> _Work instructions_:
Leaving out the images, return the data below exactly as it is written.

[Opening Entries provided section]

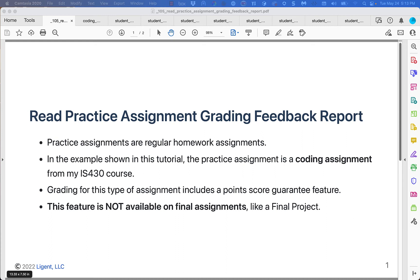Hi, this is Kevin. Welcome to my tutorial on how to read a grading feedback report for a practice assignment. This is for a practice assignment, not a final assignment. A practice assignment is just a regular homework assignment. In the example I'm going to go over here, this is a coding assignment from my IS 430 course — that's a Python programming course.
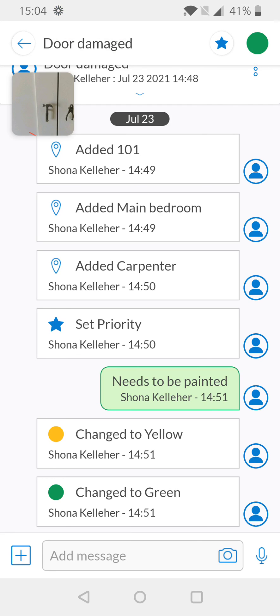I hope this helps, but if you do have any questions please feel free to get in touch at support@snapfix.com. Thank you.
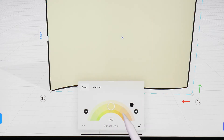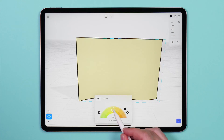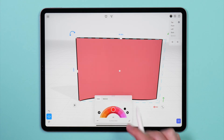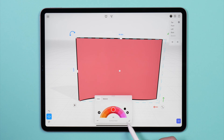This will bring up the color wheel, letting you choose the color of the surface. Once you are done choosing a color, tap the check mark in the bottom of the card.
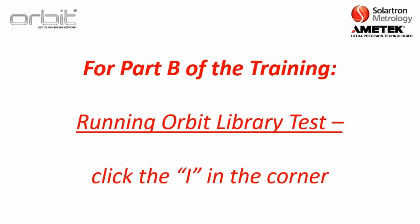Now that concludes part A of the training. For part B, running Orbit Library test, feel free to click the i in the corner or just stay tuned as this should be the next video in the training playlist.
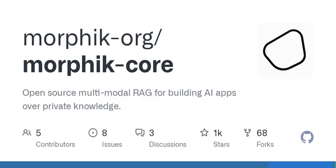This raises some interesting questions. For instance, how do developers find the right balance between enhancing AI's knowledge while maintaining privacy? Or what are some challenges one might face when implementing RAG in their AI projects? I find it fascinating to think about the ethical implications of open-source AI. By allowing developers to build tools that respect user privacy, we're not just creating better technology — we're encouraging a culture of accountability and transparency in AI development. The more people engage with open-source projects, the more we can collaboratively address concerns about bias, fairness, and consent in AI interactions.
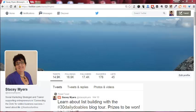Hi, it's Stacey Myers here from StaceyMyers.com. In this video, I'm going to take you through having a look at the new retweet feature on Twitter.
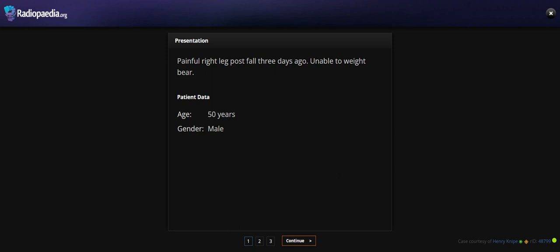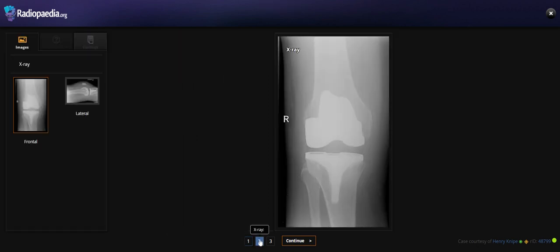Hello everyone. Today I'm going to talk about a case of a 50-year-old male with a painful right leg for the past three days, unable to bear weight. So let's see the case.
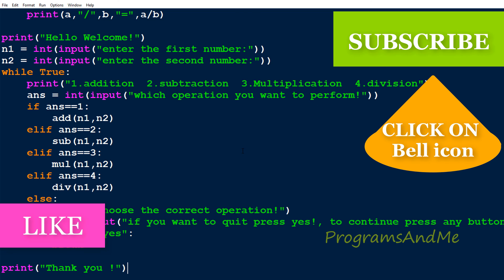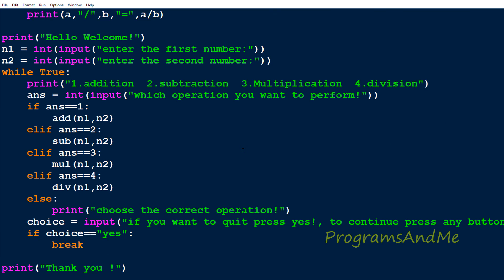So in this way you can display a simple calculator in Python programming language. That's it for now guys, thank you for watching — don't forget to subscribe to my channel. I'll meet you in the next class, till then take care.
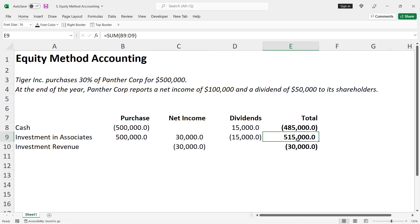It represents a $15,000 increase from its investment cost. This reconciles with a portion of Panther's retained earnings. Panther reports a net income of $100,000, which is reduced by the $50,000 dividend. Thus, Panther's retained earnings for the year are $50,000, and Tiger's portion of that amount is $15,000.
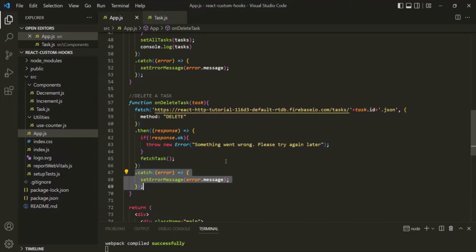What I want is to create a generic React hook that can be used to send a request to the server — whether it's a GET, POST, PUT, DELETE request, etc. That React hook should be responsible for handling both the resolved and rejected promise, and also for handing over the data or error message to the component where we want to use the response data.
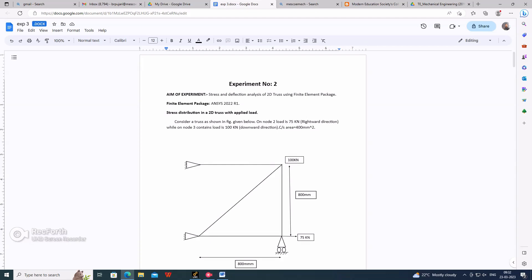Hello guys, myself Balkrishna Pujari. This video is about a truss problem solved in ANSYS using link elements. The main aim of the experiment is to find the stress and deflection using 2D truss in a finite element package.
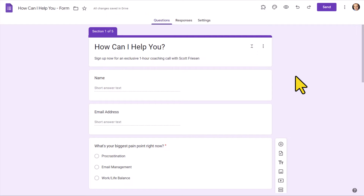Now that you know how to create conditional logic and branching questions within Google Forms, I'd love to hear from you. What other questions do you have about form design or optimizing your Google Forms? Be sure to let me know in the comments down below. Thank you so much for watching, and remember, being productive does not need to be difficult. We'll see you next time.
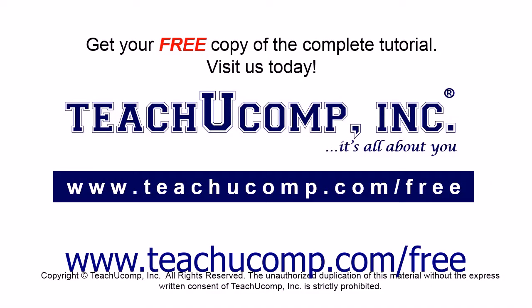Get your free copy of the complete tutorial at www.teachucomp.com forward slash free.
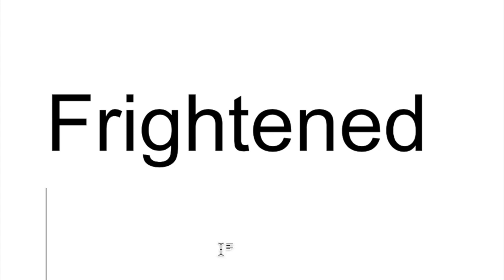Try again. F-R-I-G-H-T-E-N-E-D. Frightened. Go ahead. Close your eyes. Try it. Open your eyes. Check it. Did you get it right? Nice work.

[Closing Entries provided section]

> _Exercise result_:
Hi, this is Kevin. Welcome to my tutorial on how to read a grading feedback report for a practice assignment. This is for a practice assignment, not a final assignment. A practice assignment is just a regular homework assignment. In the example I'm going to go over here, this is a coding assignment from my IS 430 course — that's a Python programming course.
I hope this helps, but if you do have any questions please feel free to get in touch at support@snapfix.com. Thank you.
This will bring up the color wheel, letting you choose the color of the surface. Once you are done choosing a color, tap the check mark in the bottom of the card.
Now that concludes part A of the training. For part B, running Orbit Library test, feel free to click the i in the corner or just stay tuned as this should be the next video in the training playlist.
This raises some interesting questions. For instance, how do developers find the right balance between enhancing AI's knowledge while maintaining privacy? Or what are some challenges one might face when implementing RAG in their AI projects? I find it fascinating to think about the ethical implications of open-source AI. By allowing developers to build tools that respect user privacy, we're not just creating better technology — we're encouraging a culture of accountability and transparency in AI development. The more people engage with open-source projects, the more we can collaboratively address concerns about bias, fairness, and consent in AI interactions.
Hi, it's Stacey Myers here from StaceyMyers.com. In this video, I'm going to take you through having a look at the new retweet feature on Twitter.
Hello everyone. Today I'm going to talk about a case of a 50-year-old male with a painful right leg for the past three days, unable to bear weight. So let's see the case.
So in this way you can display a simple calculator in Python programming language. That's it for now guys, thank you for watching — don't forget to subscribe to my channel. I'll meet you in the next class, till then take care.
It represents a $15,000 increase from its investment cost. This reconciles with a portion of Panther's retained earnings. Panther reports a net income of $100,000, which is reduced by the $50,000 dividend. Thus, Panther's retained earnings for the year are $50,000, and Tiger's portion of that amount is $15,000.
What I want is to create a generic React hook that can be used to send a request to the server — whether it's a GET, POST, PUT, DELETE request, etc. That React hook should be responsible for handling both the resolved and rejected promise, and also for handing over the data or error message to the component where we want to use the response data.
Hello guys, myself Balkrishna Pujari. This video is about a truss problem solved in ANSYS using link elements. The main aim of the experiment is to find the stress and deflection using 2D truss in a finite element package.
Now that you know how to create conditional logic and branching questions within Google Forms, I'd love to hear from you. What other questions do you have about form design or optimizing your Google Forms? Be sure to let me know in the comments down below. Thank you so much for watching, and remember, being productive does not need to be difficult. We'll see you next time.
Get your free copy of the complete tutorial at www.teachucomp.com forward slash free.
Try again. F-R-I-G-H-T-E-N-E-D. Frightened. Go ahead. Close your eyes. Try it. Open your eyes. Check it. Did you get it right? Nice work.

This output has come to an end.